Hoje em dia, em pesquisas e publicações, a colaboração é cada vez mais difundida, tanto no campo mariológico quanto no interdisciplinar. Devem ser promovidas oportunidades para intervenções, seminários e conferências, que possam fortalecer o conhecimento mútuo e a apreciação entre Mariológos e Cultores de Mariologia provenientes das mais diversas áreas, para além das instituições e faculdades teológicas.
Oportunidades de encontros e intercâmbios interdisciplinares entre Mariológos e Cultores de Mariologia, filósofos, cientistas naturais e sociais, historiadores e assim por diante também devem ser incentivadas, pois a mariologia é uma ciência que se desenvolve em interação com outras ciências, e estas fazem o mesmo no frutífero intercâmbio com a mariologia.
Pela natureza de sua missão, os Mariológos e Cultores de Mariologia muitas vezes operam nas fronteiras da experiência e reflexão da Igreja. Em particular, dado o grande número de Mariológos e Cultores de Mariologia leigos que têm experiência em áreas particulares de interação entre a Igreja e o mundo, entre o Evangelho e a vida, com as quais os Mariológos e Cultores de Mariologia ordenados e os Mariológos e Cultores de Mariologia religiosos podem não estar tão familiarizados, muitas vezes acontece que, na presença de novas circunstâncias ou questões, os Mariológos e Cultores de Mariologia dão uma articulação inicial da fé que procura compreender.
Os Mariológos e Cultores de Mariologia precisam e merecem ser apoiados pela oração de toda a comunidade eclesial, e sobretudo recíproca, nos seus esforços sinceros em favor da Igreja, mas em tais circunstâncias é particularmente importante a observância cuidadosa dos critérios fundamentais da mariologia católica [Sagrada Escritura, Tradição, Liturgia e Magistério].
Uma última palavra…
A Mariologia não é apenas ciência, mas também sabedoria, com um papel particular na relação entre todo o conhecimento humano e o Mistério de Deus. A pessoa humana não se contenta com verdades parciais, mas procura unificar os diversos elementos e áreas do conhecimento em um só.
A compreensão da verdade última de todas as coisas e da vida humana se apresenta em Maria como em nenhuma outra criatura. Essa busca da sabedoria, sem dúvida, anima a Mariologia e a coloca em estreita relação com a experiência espiritual e com a sabedoria dos santos.
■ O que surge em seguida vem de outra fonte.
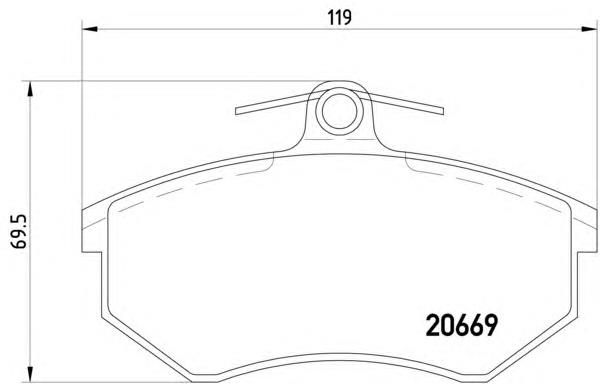  Comline ADB0511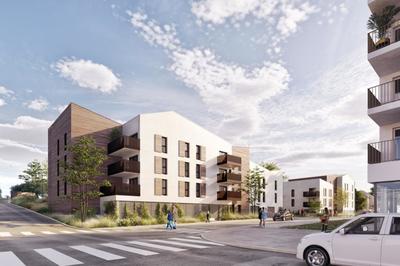 Appartement - 64 m² - 3 pièces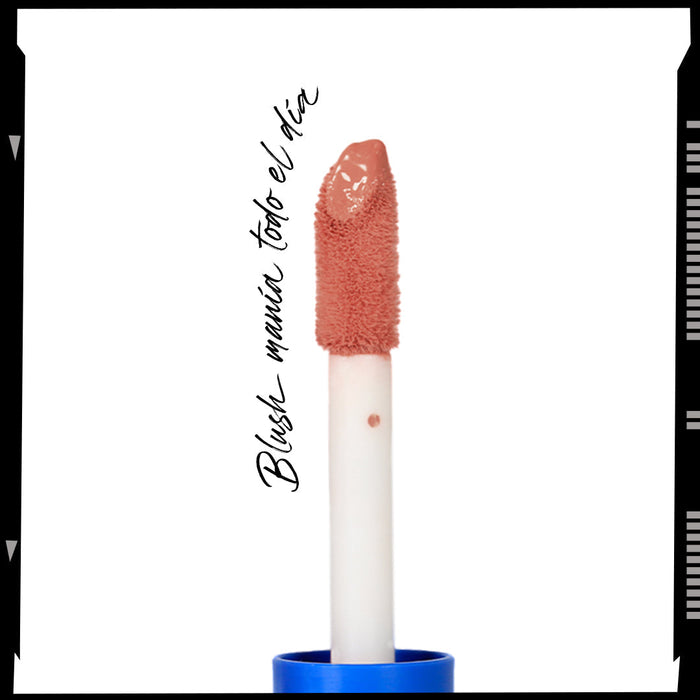 viva la diva Kind of Love Mousse Liquid Blush #1 Romantic Outlet
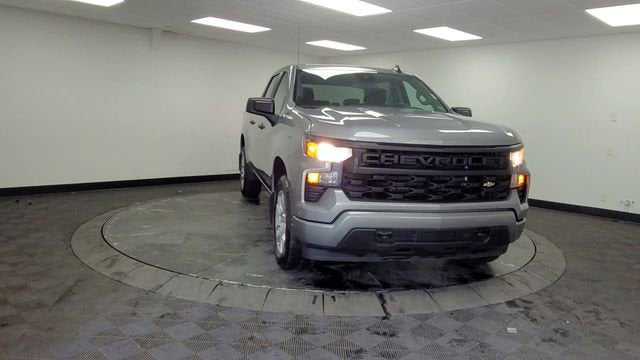 2023 Chevrolet Silverado 1500 — detail view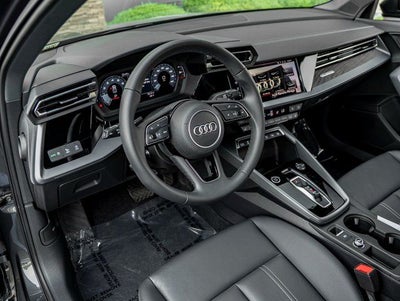 2025 Audi A3 40 Premium quattro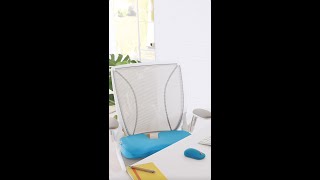 Leitz Ergo Cosy Seat Cushion  social media video vertical [upl. by Ailhat]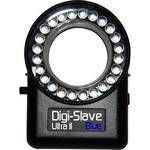 Digi-Slave LRU255B  Digi-Slave L-Ring Ultra II Ring Light (Blue)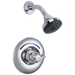 Delta Commercial T13H: Universal Shower Trim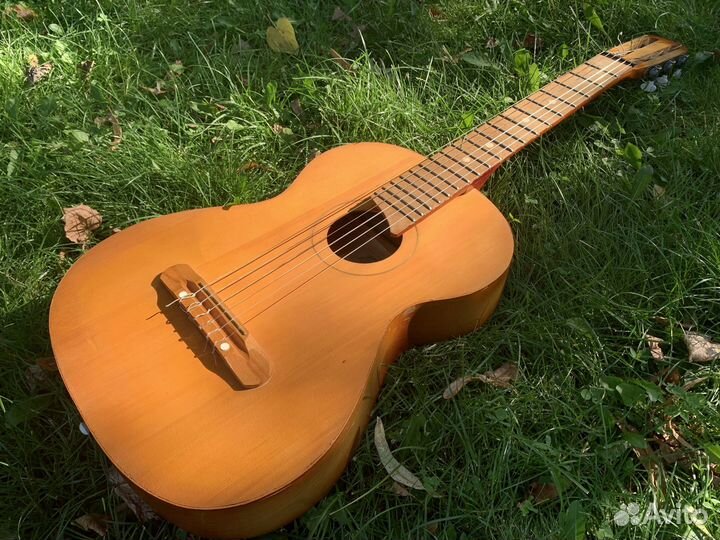 Гитара российская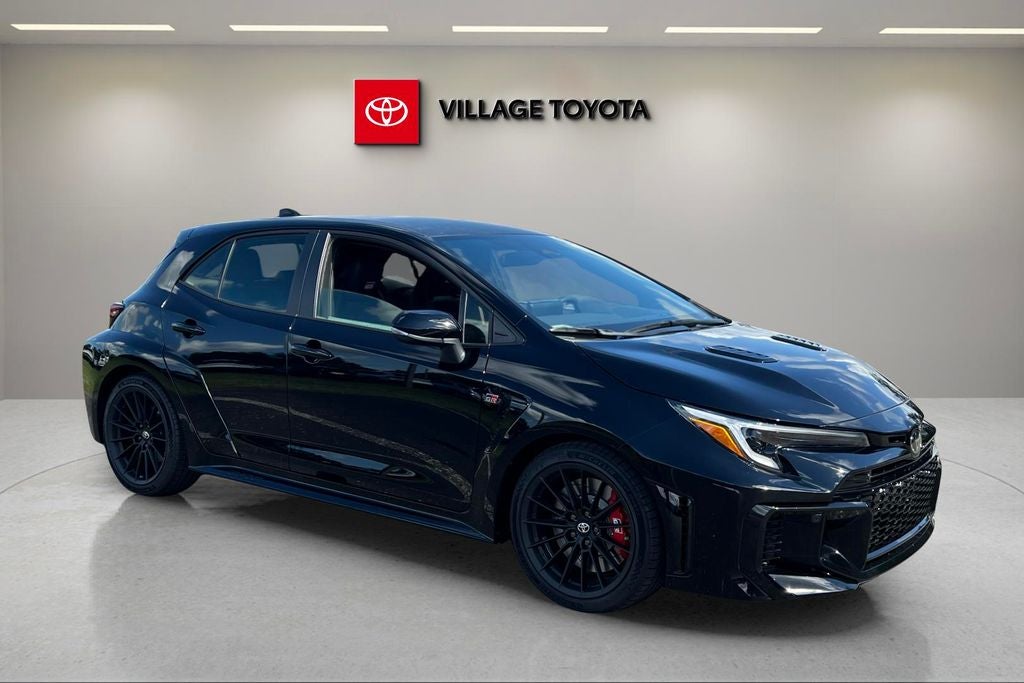 2026 Toyota GR Corolla Premium Plus DAT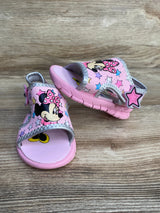 Disney Minnie Mouse Sandals Pink sz 3c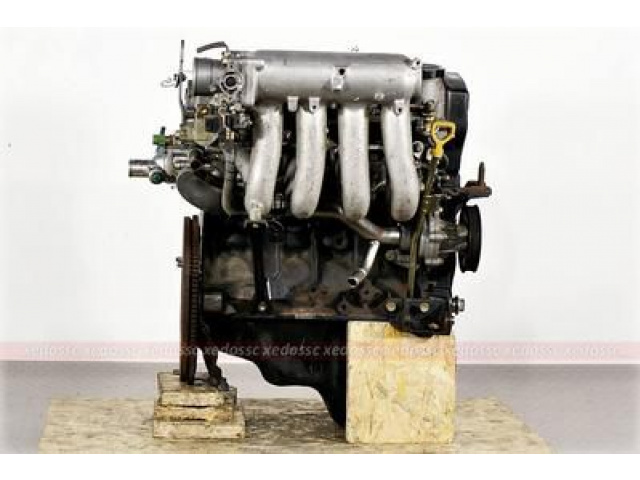 Двигатель TOYOTA COROLLA 94 1.3 16V 4EFE гарантия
Em um sentido mais amplo, porém, a mariologia católica convida todos a reconhecer a transcendência da Verdade última, que nunca pode ser totalmente compreendida ou conhecida. A mariologia não é apenas sabedoria em si mesma, mas também um convite à sabedoria para outras disciplinas.
A presença da mariologia no debate científico e na vida universitária tem potencialmente o efeito benéfico de recordar a todos a vocação sapiencial da inteligência humana, recordando a significativa questão colocada por Jesus nas primeiras palavras que pronunciou no Evangelho de João: O QUE PROCURAIS? (Jo 1,38).